Family violence is not a private matter anymore, over the last few years we have increasingly been talking about it as a problem for the whole community. In Victoria, Ken Lay in particular did some great work on bringing it into the public awareness. Even more importantly, Lay undertook genuinely effective action to ensure victims of family violence are able to report their abuse to police and have their reports taken seriously. And it worked: family violence incidents reported to Victoria Police increased by 43% between 2011 and 2013, charges laid increased by 113%.
Lay, among many others, also made the valid point that family violence is not a women's issue. Most (but not all) victims are women, and most (but not all) offenders are men. So most (but not all) of the change needs to come from men, not women. As I have said before, making a woman's issue of crime where the offenders are predominantly men is an implicit form of victim blaming. Women are not and can never be responsible for male violence.

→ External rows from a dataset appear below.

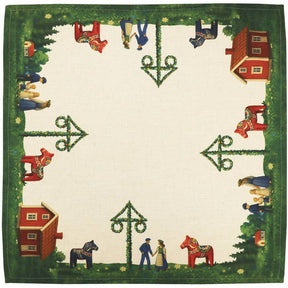 The Swedish Passport Co Table Runner: Swedish Midsommar (47.25"x15.7") features a cream background, green border, red houses, Dala horses, maypoles at each corner, and people in traditional Scandinavian dress; center is plain.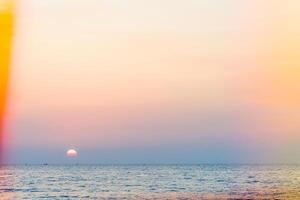 A sunset over the ocean with a colorful umbrella photo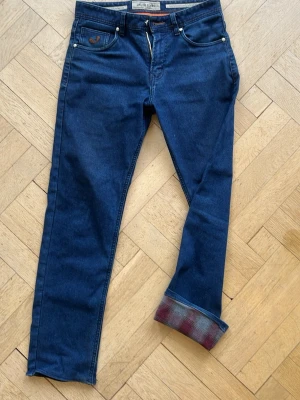 Blå jeans från Jacob Cohen - Snygga blå jeans från Jacob Cohen med klassisk femficksmodell och raka ben. Jeansen har en uppvikt kant med rutigt innerfoder i rött och blått. Tillverkade i mjukt denimtyg med detaljer i brunt och silverfärgade nitar.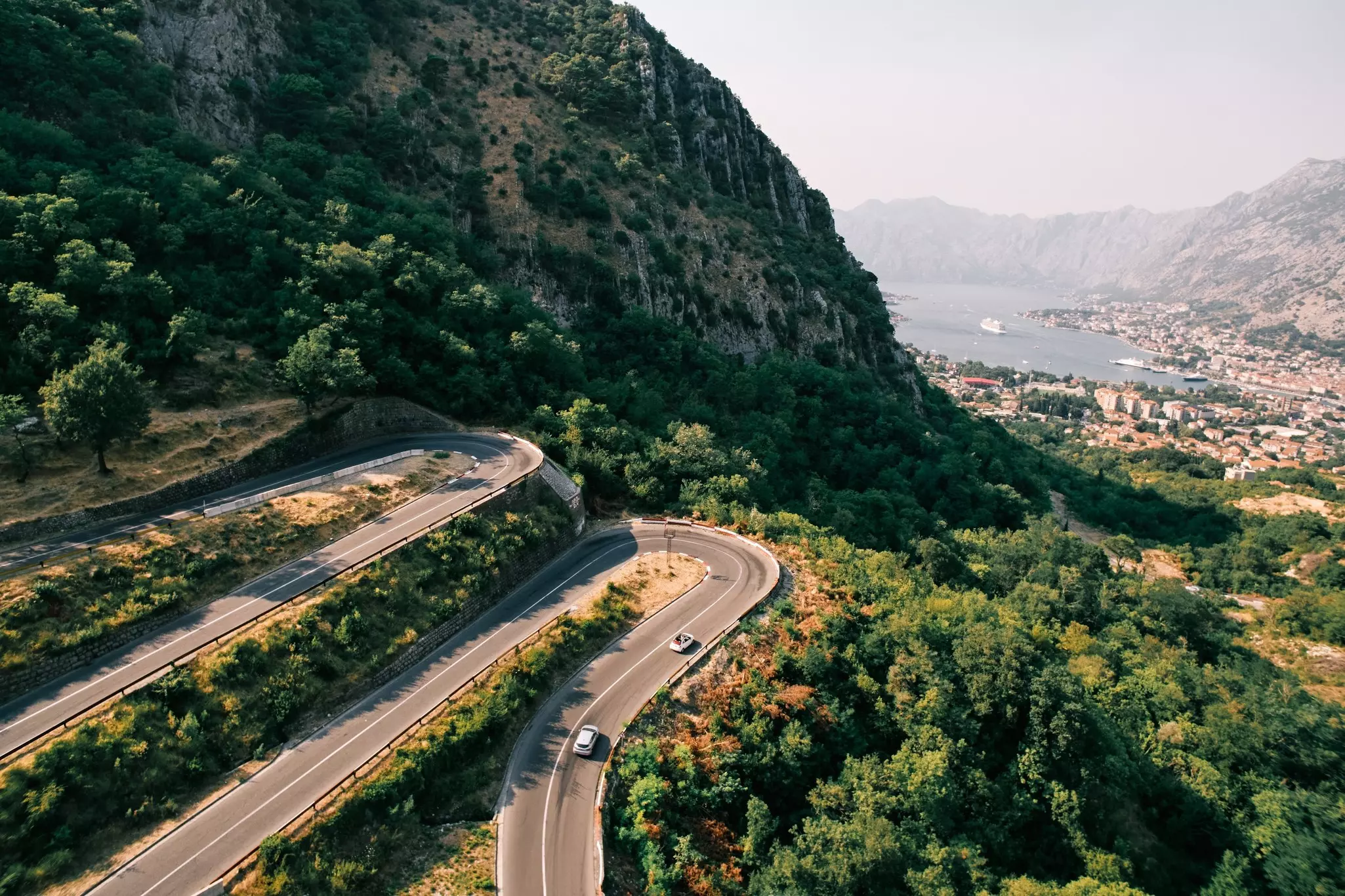 Two cars on a road with sharp switchbacks up a green mountain, with a town in the distance by the shore.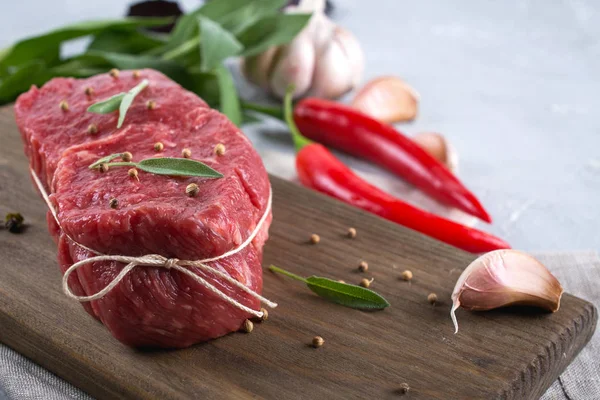 Kesme tahtası üzerinde yemek pişirmek için malzemelerle çiğ Dana biftek . 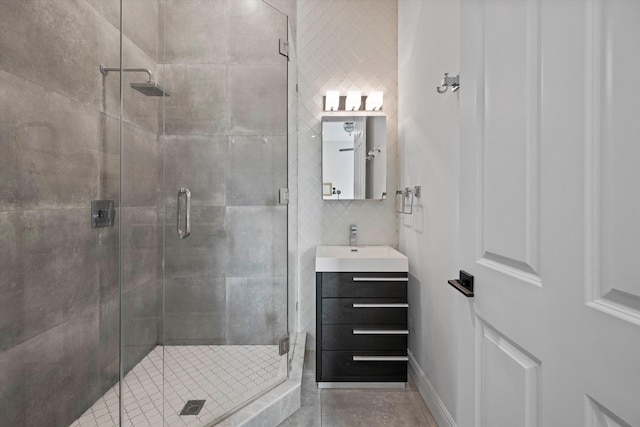 full bathroom with vanity, baseboards, a stall shower, tile walls, and backsplash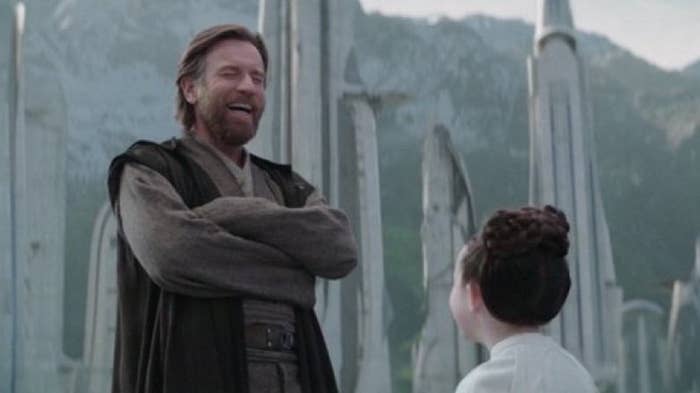 Two characters from &quot;Obi-Wan Kenobi&quot; series stand outdoors, one smiling broadly with crossed arms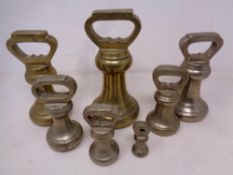 A set of seven 19th century graduated brass weights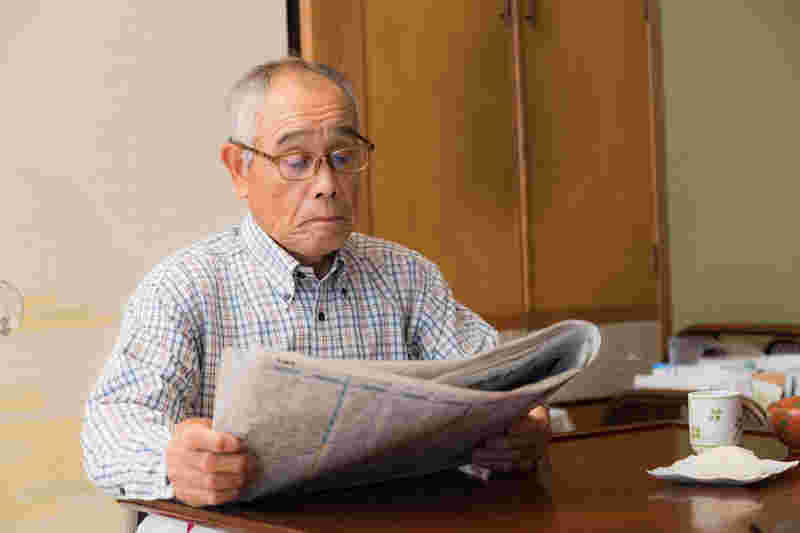 新聞を読む高齢者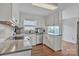 Modern kitchen featuring white cabinetry, stainless appliances, and hardwood floors at 827 River Hills Ct, Taylorsville, NC 28681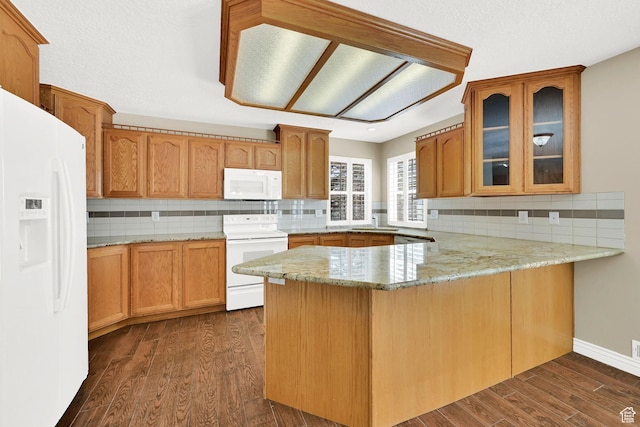 3112 N Pelican Dr, Farr West, UT 84404 - kitchen with white appliances, a peninsula, glass insert cabinets, and light stone countertops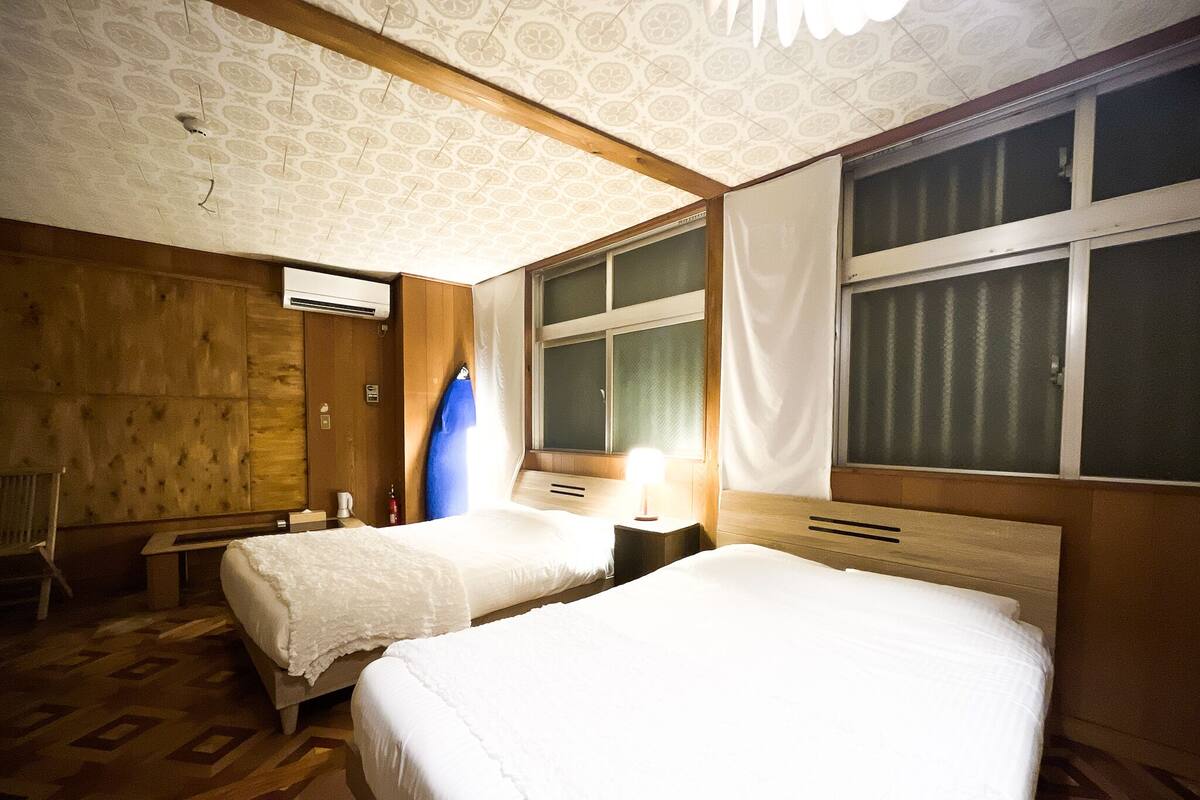 A hotel room with two beds, wooden paneling, a patterned ceiling, and a window with curtains.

So organisations like White Ribbon, which purportedly aim to address male violence as a male issue should get all the support and respect they need from people who want male violence curbed, right?
If only we could.
Clementine Ford wrote an excellent excoriation of the disturbing piece written by a White Ribbon ambassador. And of course, #notallambassadors, but why any of them? Why is White Ribbon so devaluing the principles they were allegedly created to uphold? Why is it discrediting the men who became ambassadors because they genuinely wanted to take a stand against male violence by including people like Tanveer Ahmed, who talks about a "cult of victimhood" in an article about family violence; and Tony Abbott, who's only actions have been to grab a photo op with Rosie Batty and remove funding from dozens of family violence prevention centres around Australia?
Dragging family violence out of the shadows is something that must happen if we are ever going to be able to curb it and offer genuine safety to its victims. But it is really helpful to pretend that a movie where even the actors said they were frightened and uncomfortable during filming is a "conversation starter"?
Presumably Dakota Johnson understood what was required of her when she signed up to play Anastasia Steele in the film, but these are some of the things she has said about filming it:
Vouge, Feb 2015:
I still can't look at it objectively or wrap my head around it. The parts of the movie that are difficult to watch were even more difficult—and emotionally taxing—to shoot."
Time, Feb 2015
Filming a sex scene is not a sensual or pleasurable environment. It's really hot—not in a steamy, sexual way. It's just sweaty and it's not very comfortable. And on top of that, my hands and legs were tied, and I was blindfolded, and I was being hit with this bizarre tool. ... It was emotionally taxing. At first I was like, 'Oh my God, this is the worst thing ever,' and then I was like, 'All right, let's get on with it.'
Jamie Dorman, who plays Christian, didn't sound much better:
US Weekly, Jan, 2015
Some of the Red Room stuff was uncomfortable. There were times when Dakota was not wearing much, and I had to do stuff to her that I'd never choose to do to a woman.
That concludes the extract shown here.